Data records =>
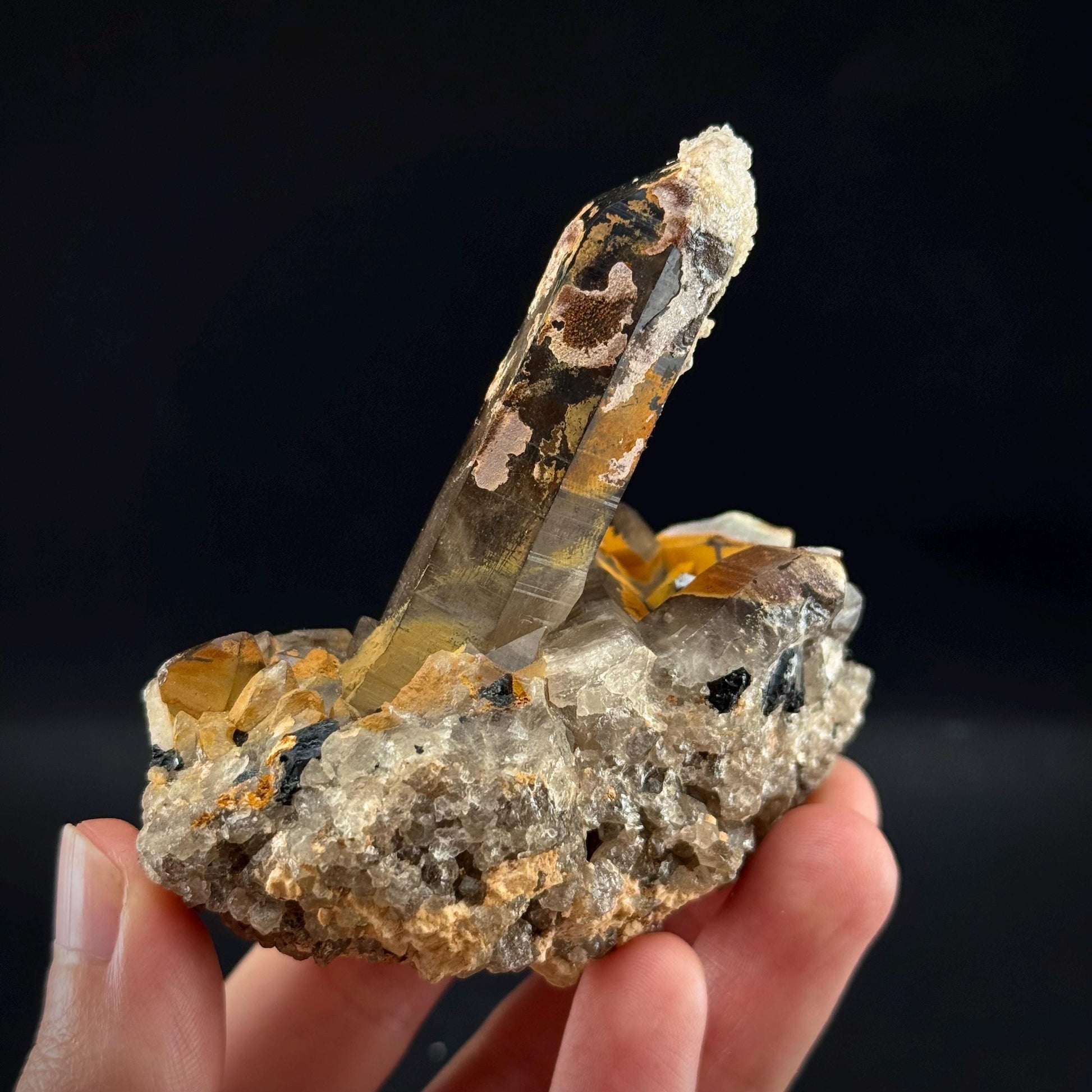 Hyalite Opal on Smoky Quartz (Namibia) | UV reactive Hyalite Opal on smoky quartz crystal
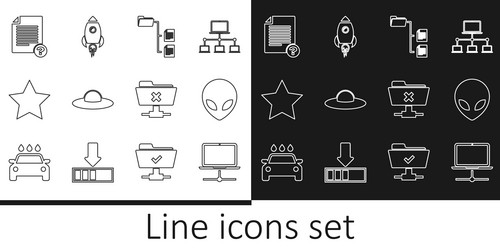 set line computer network alien folder tree ufo vector image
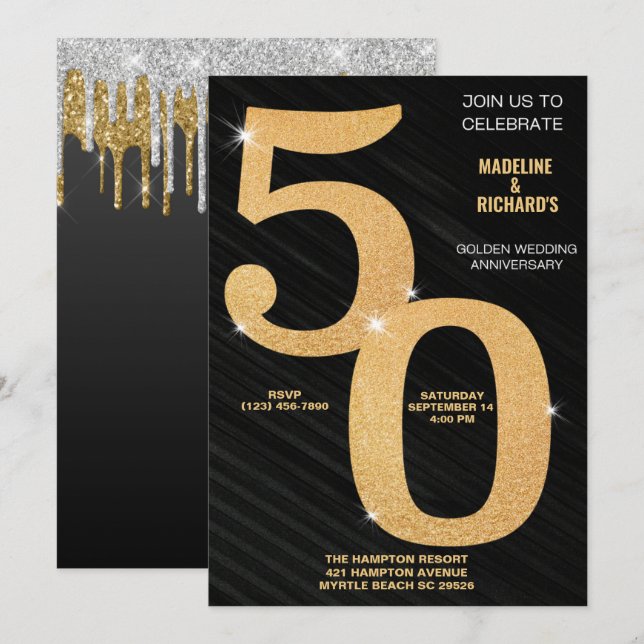Elegant 50-års Jubileumsfirande Inbjudningar (Fram/baksida)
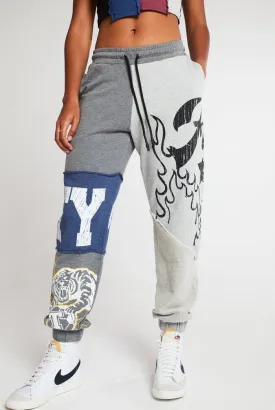Varsity Print Patchwork Joggers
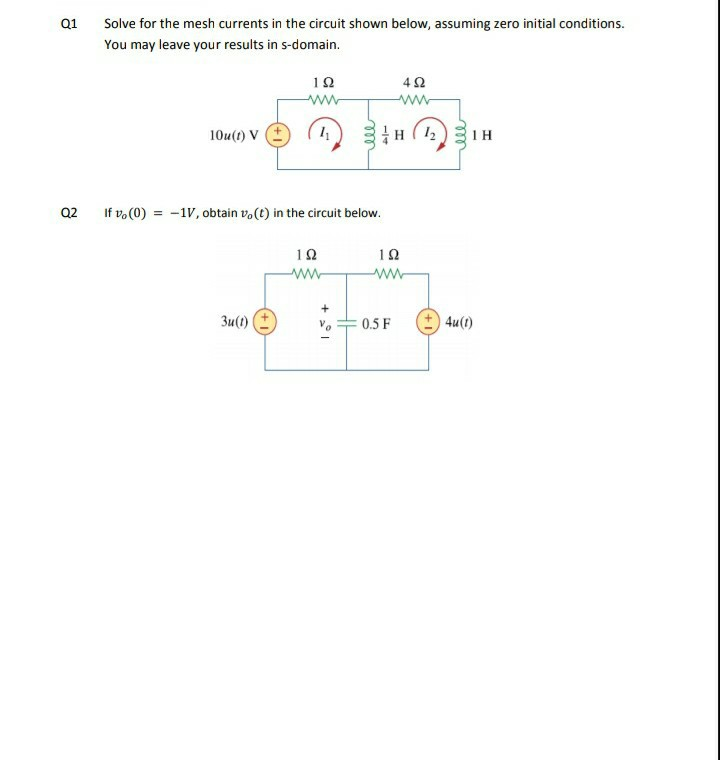 Solved 01 Solve for the mesh currents in the circuit shown | Chegg.com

Exercise objective => Excluding the pictures, transcribe all of the entries exactly.

Answer below =>
 Hyalite Opal on Smoky Quartz (Namibia) | UV reactive Hyalite Opal on smoky quartz crystal
 set line computer network alien folder tree ufo vector image
Elegant 50-års Jubileumsfirande Inbjudningar (Fram/baksida)
Varsity Print Patchwork Joggers
 Solved 01 Solve for the mesh currents in the circuit shown | Chegg.com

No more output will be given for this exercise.